5.1 Transformation source definition

The comprehensive analysis indicates that System Architecture domain abstractions, expressed through Software Models and Deployment Models using UML Class and UML Deployment notations respectively, are suitable input artifacts and models. The concept of code generation from models sought to reduce manual coding errors and rework, thereby improving software quality and accelerating the development process. The principles of Model-Driven Engineering (Schmidt, 2006) are applied to the definition of the meta-models and model transformation. The required software architecture model in UML Class diagram notation is shown on the left side of Figure 2. The application’s name is “hello-java-ci,” which also serves as the name for both the Git repository and the pipeline itself. In this current example, the Java application or library has the following parameters: unit-tests (binary value), lint_check (binary value), type (string value), and build_system (string value).

Figure 2

Figure 2. Conceptual illustration of model-to-model transformation.
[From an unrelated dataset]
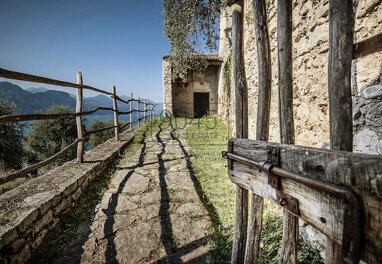 Villa zum Kauf 1.650.000 € 7 Zimmer 350 m² 2.450 m² Grundstück Castelletto Di Brenzone 37010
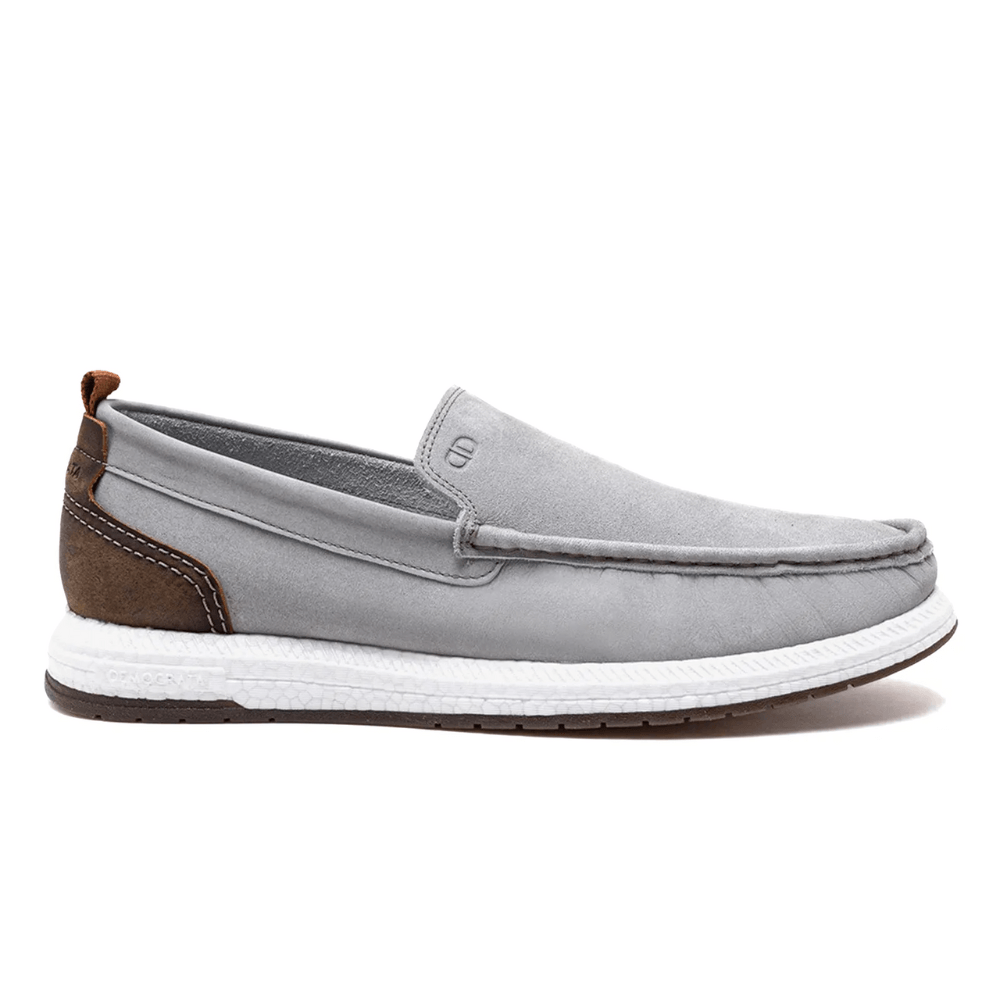 Mocassim Democrata Easy Flop Pulse Masculino Cinza em fundo branco mostrando detalhes em couro cinza e sola branca com marrom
5.2 The concept of transformation rules within the framework

By model transformation, the authors refer to a process that accepts one or more source models as input and generates one or more target models as output, adhering to a defined set of transformation rules (Kleppe et al., 2003). A clear mapping between elements of the source meta-model and the target meta-model is required in the transformation definition for the Transformation Engine to work efficiently. A model transformation engine takes a structured source model, applies predefined transformation rules to map elements from the source model to the target model, where both these models conform to the structure presented in their meta-models. To transform a source model into a target model, a set of transformation rules is designed, allowing for the addition of information during the process. If the development team adheres to standardized project structure and naming conventions, these four parameters suffice to generate a Continuous Integration pipeline model using transformation rules. While a more extensive list would be required to cover all scenarios of different project parameters, it is not an exhaustive set of possibilities, and transformation rules for all common scenarios can be developed.
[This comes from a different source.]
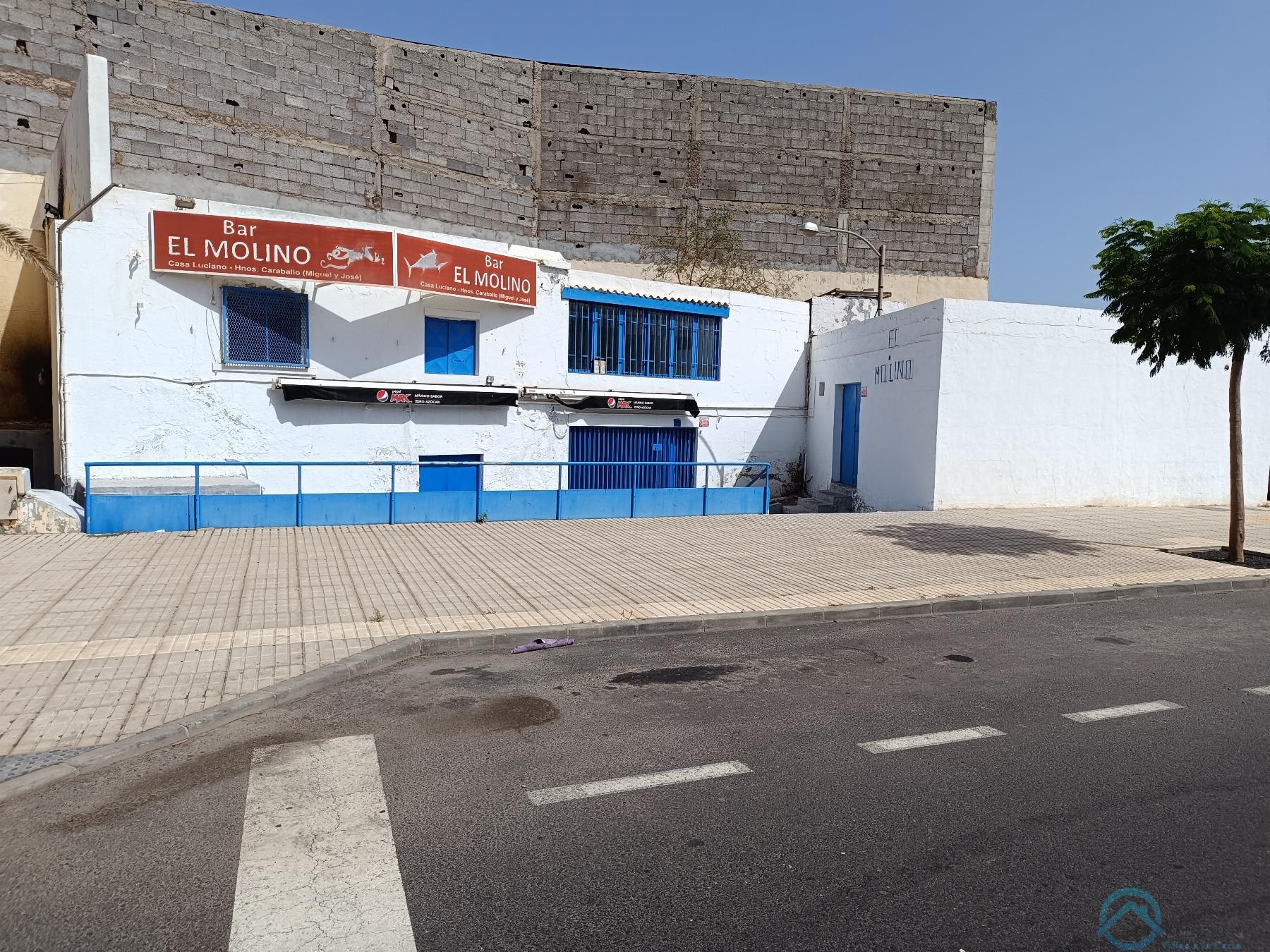 For rent of commercial in Arrecife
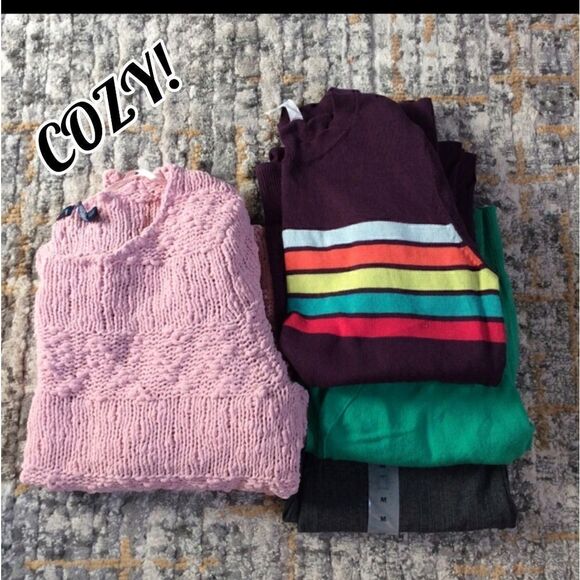 3 for $25 4 PIECE BUNDLE OF SIZE MEDIUM SWEATERS! - Picture 1 of 5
All model-to-model transformations in this work are implemented using the Atlas Transformation Language (ATL), which employs a rule-based, declarative paradigm commonly expressed through matched rules and helper functions. The transformation workflow is organized into three distinct phases:

1. From Software Architecture Model to Platform-Independent Model (PIM) Transformation phase transforms a high-level Software Architecture model into a platform-independent Pipeline Model (PIM). The core transformation is governed by a matched rule, a primary pattern-matching rule that triggers transformation when specific source elements are encountered, acting as the entry point. This rule analyzes the input model and determines the necessary pipeline stages. For each identified stage, it invokes a lazy rule, a rule that creates target elements only when explicitly called, enabling reusable transformation logic, which in turn calls upon various helper rules, modular functions that encapsulate specific logic for attribute derivation or value computation, to determine stage-specific attributes and generate corresponding command sequences based on predefined templates.
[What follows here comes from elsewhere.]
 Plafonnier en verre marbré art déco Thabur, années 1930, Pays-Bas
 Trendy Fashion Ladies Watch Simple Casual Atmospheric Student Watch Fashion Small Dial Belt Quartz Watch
2. PIM to Platform-Specific Model (PSM) Transformation phase would transform the platform-independent PIM into a Platform-Specific Model (PSM) tailored for a concrete CI/CD platform, in this case, GitLab. Another matched rule in ATL would serve as the primary orchestrator for this phase. It would process the PIM and, for each stage, invoke a lazy rule to generate a corresponding job in the GitLab model. This lazy rule would utilize a different set of helper rules to map the abstract commands and configurations from the PIM into GitLab-specific constructs. This phase effectively translates the abstract workflow into a concrete, executable configuration model for the target platform.

3. Code Generation using Acceleo is the final phase that transforms the GitLab-specific PSM into executable YAML code. This process is driven by template rules that iterate over PSM elements and serialize their properties into proper YAML syntax.

Conceptually, the rules are designed to be modular and reusable. Helper rules in ATL encapsulate specific logical decisions or content generation tasks. Lazy rules are used to create instances of model elements on demand, ensuring the transformation is efficient and organized. Matched rules act as the primary controllers that identify patterns in the source model and trigger the appropriate creation and refinement processes. This layered approach ensures a clear separation of concerns, making the transformation process maintainable and adaptable to new project types or target platforms.

5.3 Transformation target definition

To make the target model more explicit, we clarify that the DevOps pipeline meta-model used in this study is composed of the following core elements:

• a Pipeline class defining the overall pipeline structure and its ordered list of stages;

• Stage elements representing logical execution units within the pipeline;

• Script elements containing ordered command lists associated with each stage.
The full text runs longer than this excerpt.